One way around that is to use wordexp() first to do the hard parts of word expansion, and then manipulate the argument vector afterwards. Manipulating argument vectors is less error prone than manipulating command lines because there is no special interpretation to be done afterwards. Just call execve(), and your argument vector lands up in the executed program's main() function.

A good design for desktop entry Exec= lines would probably involve the following steps for transforming the text after the equal sign into an argument vector:

First, a couple of restrictions on the allowable values. All of the list variables (such as %F) must be on their own where they appear; they must not appear next to any character except a space or either end of the line.

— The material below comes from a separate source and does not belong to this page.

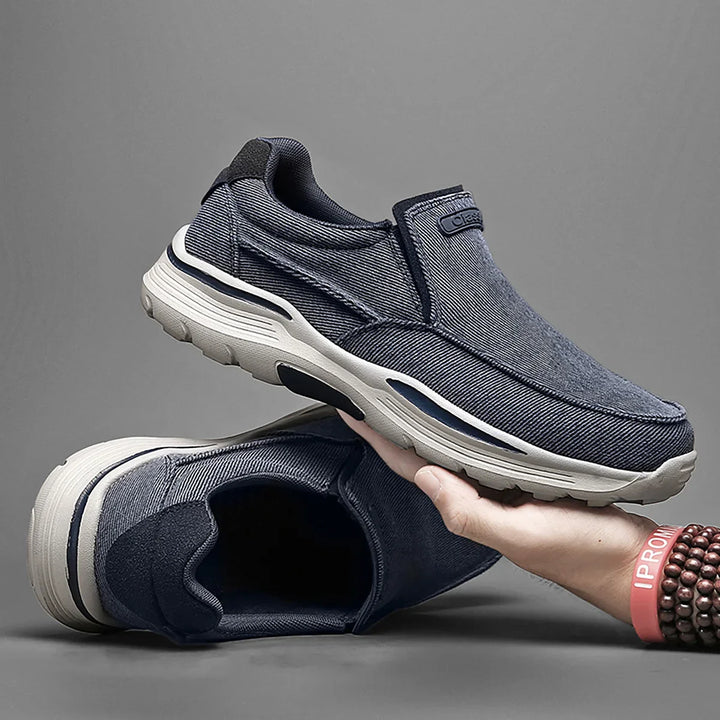 Jacques | Chaussures orthopédiques confortables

The string “ /../” is not permitted in the command line string.

Procedure 1.

  1. For each variable occurring in the string that is not a list variable, if the percent sign is not immediately prefixed by an odd number of backslash characters, replace both the percent sign and its variable letter x with ${x}. For example, replace %f with ${f}.

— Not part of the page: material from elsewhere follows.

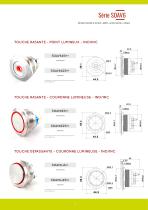 SOAV6 Vandal resistant diam.40mm - 4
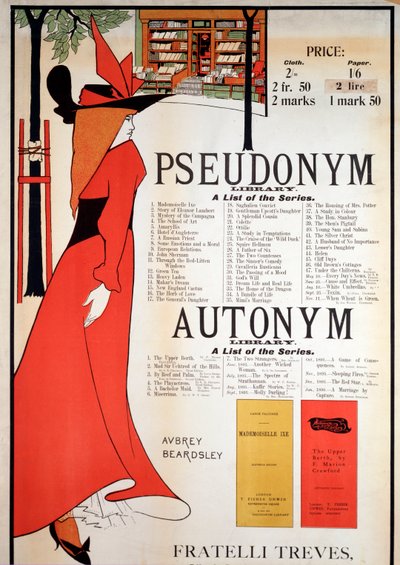 Plakat für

  2. For each variable occurring in the string that is a list variable, if the percent sign is not escaped as in the previous step, replace both the percent sign and its variable letter X with /../X.

  3. Call wordexp() to split the command line into words and form an argument vector, taking care to pass the flag that instructs wordexp() to return an error if command substitution would be performed.

  4. Build a new argument vector by copying, word by word, the one created by the call to wordexp(). For each word that starts “/../”, replace it with one word for each of the values that the relevant variable is a list of.

The string “/../” was chosen for marking the list variables because it is not subject to expansion or substitution, and while formed of valid file name characters, is not a useful file name itself. My suggestion for handling desktop entries does not include executing the shell to handle pipelines and sequences of commands as in the section called “Mailcap”; there seems little need in this application.